> _Given records_
******************************
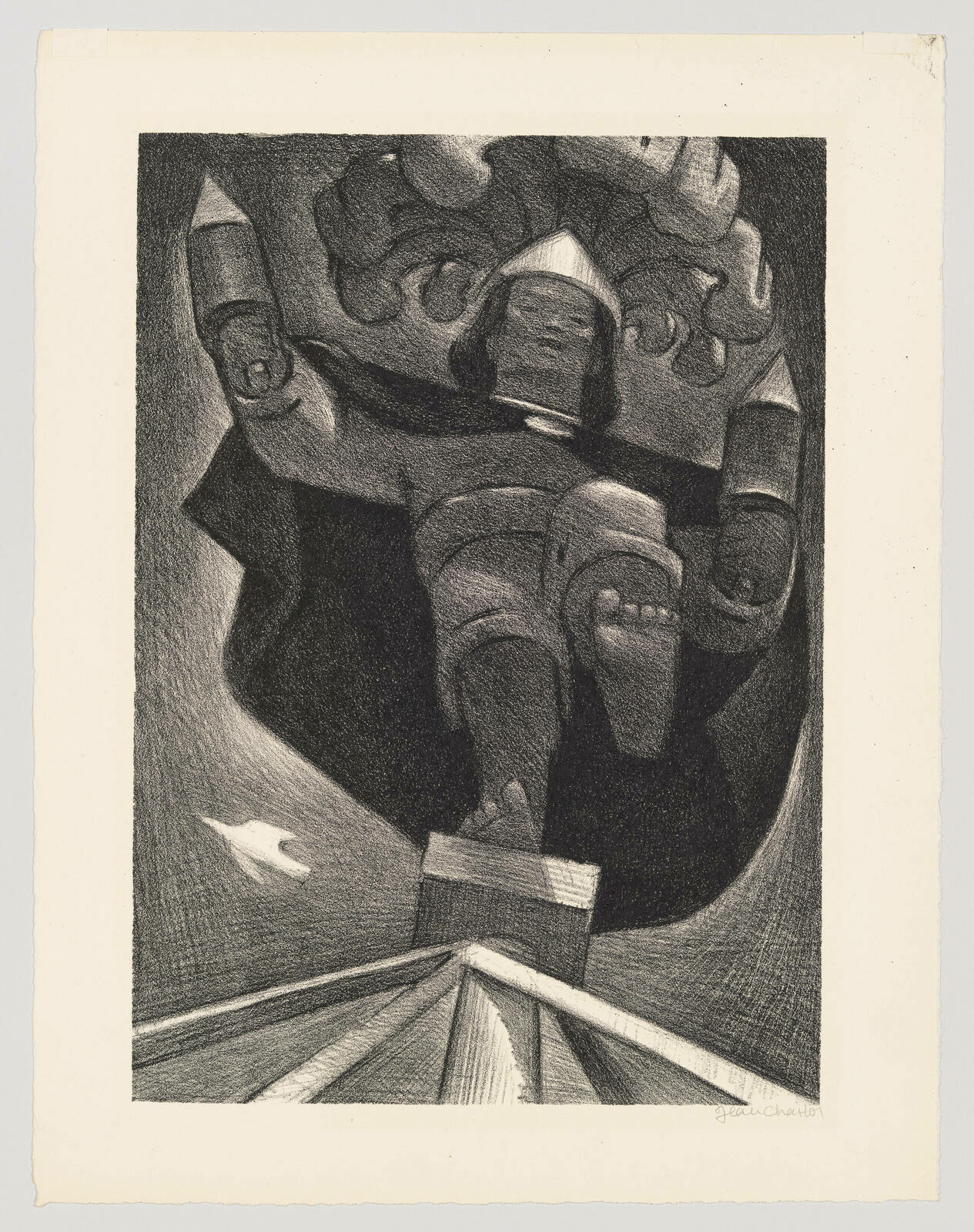 A black and white lithograph depicting a stylized, armored figure with a rocket pack on its back, soaring upwards through a tunnel-like structure with dynamic lines suggesting motion. The figure's pose is heroic, with one arm extended forward. Two small birds are also illustrated, flying alongside the figure. The artwork has a signature at the bottom right corner.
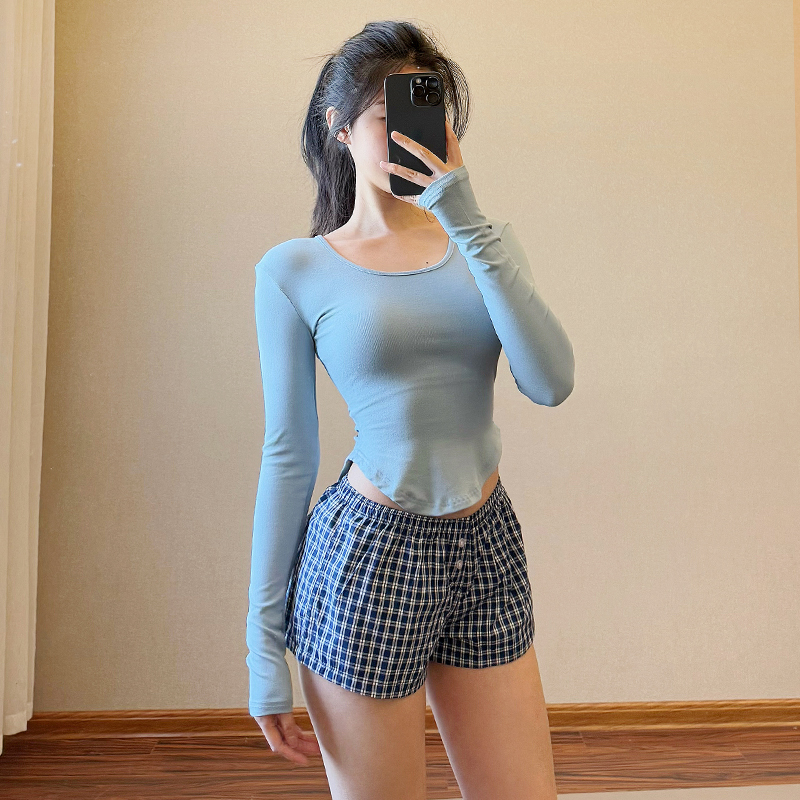 奶蓝色长袖瑜伽上衣女2025春夏新款修身显瘦外穿跑步运动健身服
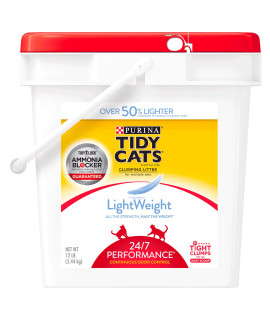 Purina Tidy Cats Light Weight, Low Dust, Clumping Cat Litter, LightWeight 24/7 Performance Multi Cat Litter - 12 lb. Pail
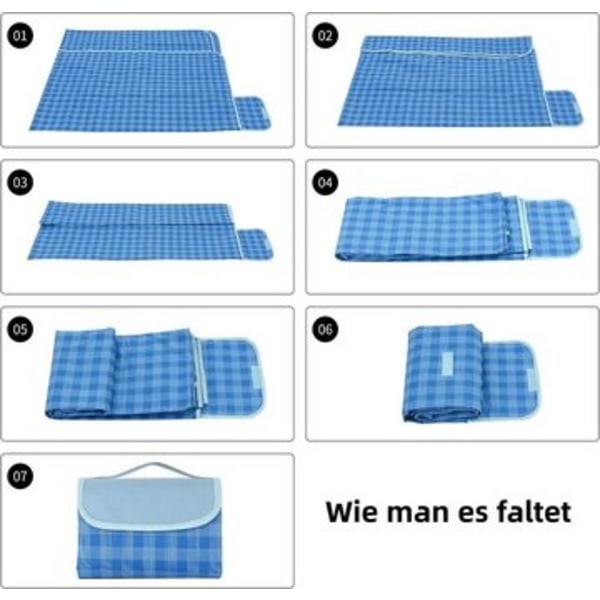 Picnic tæppe, vandtæt, 200 x 150 cm, udendørs campingtæppe, udendørs tæppe, foldbart strandtæppe med bærehåndtagstaske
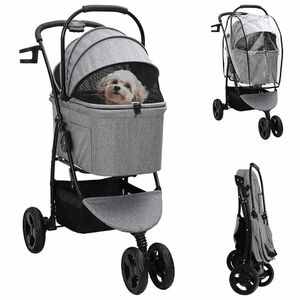 vidaXL Carrito Plegable para Mascotas Ajustable Gris 78 x 54 x 101 cm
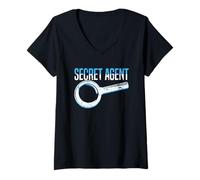 Womens Secret Agent Spy Costume Investigator Magnifying Glass V-Neck T-Shirt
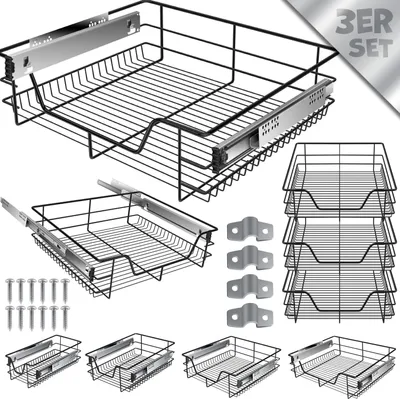 Produktbild von KESSER® Teleskopschublade  Küchenschublade  Küchenschrank  Korbauszug  Schrankauszug  Vollauszug  Schublade, Schwarz, 3x 60cm
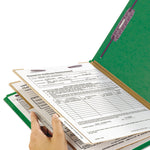 Six-Section Pressboard Top Tab Classification Folders, Six SafeSHIELD Fasteners, 2 Dividers, Legal Size, Green, 10/Box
******************************
> _Exercise_
I would like an exact copy of the lines from the one holding "奶蓝色长袖瑜伽上衣女2025春夏新款修身显瘦外穿跑步运动健身服" through the last line of the entries above, with the pictures left out.

> _Response below_
 奶蓝色长袖瑜伽上衣女2025春夏新款修身显瘦外穿跑步运动健身服
 Purina Tidy Cats Light Weight, Low Dust, Clumping Cat Litter, LightWeight 24/7 Performance Multi Cat Litter - 12 lb. Pail
 Picnic tæppe, vandtæt, 200 x 150 cm, udendørs campingtæppe, udendørs tæppe, foldbart strandtæppe med bærehåndtagstaske
 vidaXL Carrito Plegable para Mascotas Ajustable Gris 78 x 54 x 101 cm
 Womens Secret Agent Spy Costume Investigator Magnifying Glass V-Neck T-Shirt
 Produktbild von KESSER® Teleskopschublade  Küchenschublade  Küchenschrank  Korbauszug  Schrankauszug  Vollauszug  Schublade, Schwarz, 3x 60cm
 Six-Section Pressboard Top Tab Classification Folders, Six SafeSHIELD Fasteners, 2 Dividers, Legal Size, Green, 10/Box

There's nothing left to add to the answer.